> **Your assignment**:
The entire listing that follows must be repeated exactly, pictures excluded.

> **Stored data**:
++++++++++++++++++++

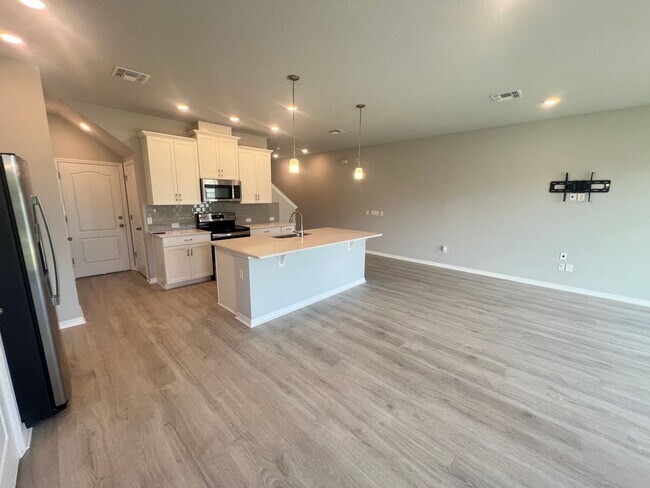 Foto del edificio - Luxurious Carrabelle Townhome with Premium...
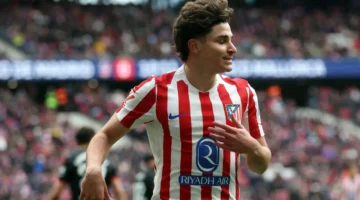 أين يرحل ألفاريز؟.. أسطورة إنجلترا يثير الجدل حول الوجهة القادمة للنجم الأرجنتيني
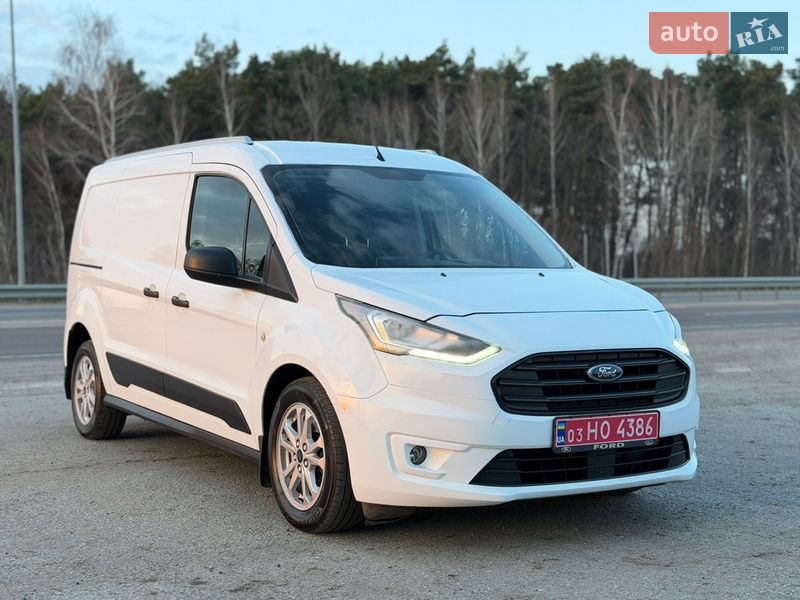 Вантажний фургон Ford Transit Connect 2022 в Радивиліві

++++++++++++++++++++

> **Solution**:
 Foto del edificio - Luxurious Carrabelle Townhome with Premium...
 أين يرحل ألفاريز؟.. أسطورة إنجلترا يثير الجدل حول الوجهة القادمة للنجم الأرجنتيني
 Вантажний фургон Ford Transit Connect 2022 в Радивиліві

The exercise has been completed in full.